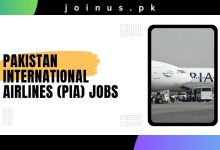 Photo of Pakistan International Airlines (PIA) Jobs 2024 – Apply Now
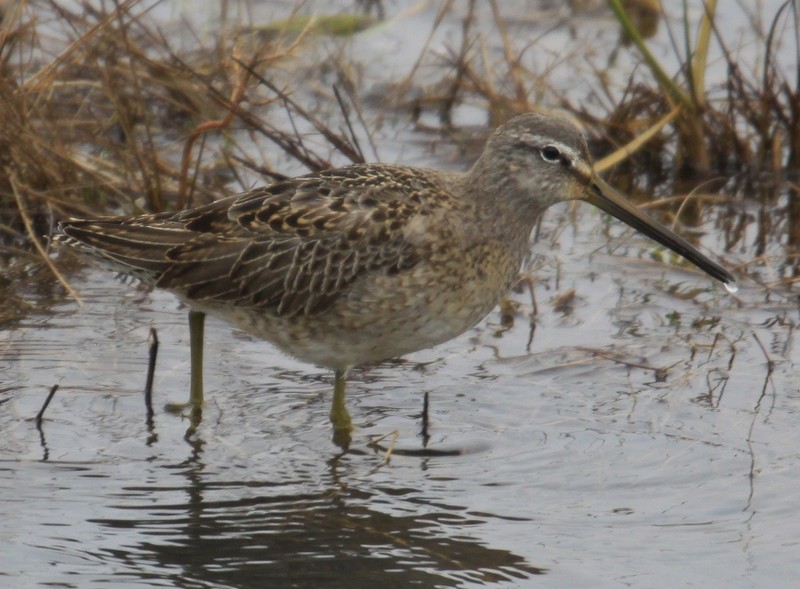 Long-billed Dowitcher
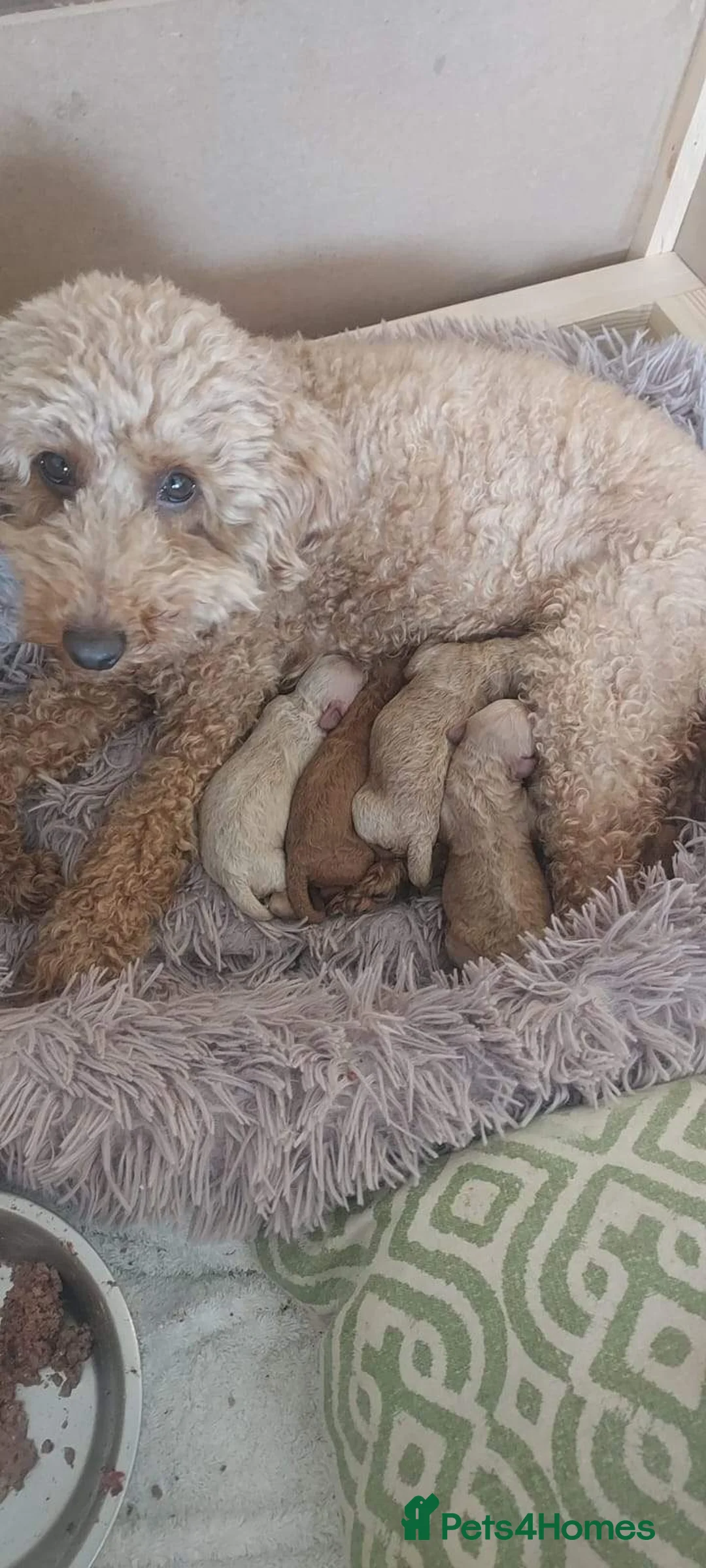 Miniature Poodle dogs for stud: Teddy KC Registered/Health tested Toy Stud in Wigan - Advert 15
...
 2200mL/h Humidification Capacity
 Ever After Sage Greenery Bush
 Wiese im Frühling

* **TASK**: Where a picture appears in the records above, omit it, and transcribe exactly the stretch of lines from the one with "Long-billed Dowitcher" through the one with "Miniature Poodle dogs".

* **SOLVED PROBLEM**:
 Long-billed Dowitcher
 Miniature Poodle dogs for stud: Teddy KC Registered/Health tested Toy Stud in Wigan - Advert 15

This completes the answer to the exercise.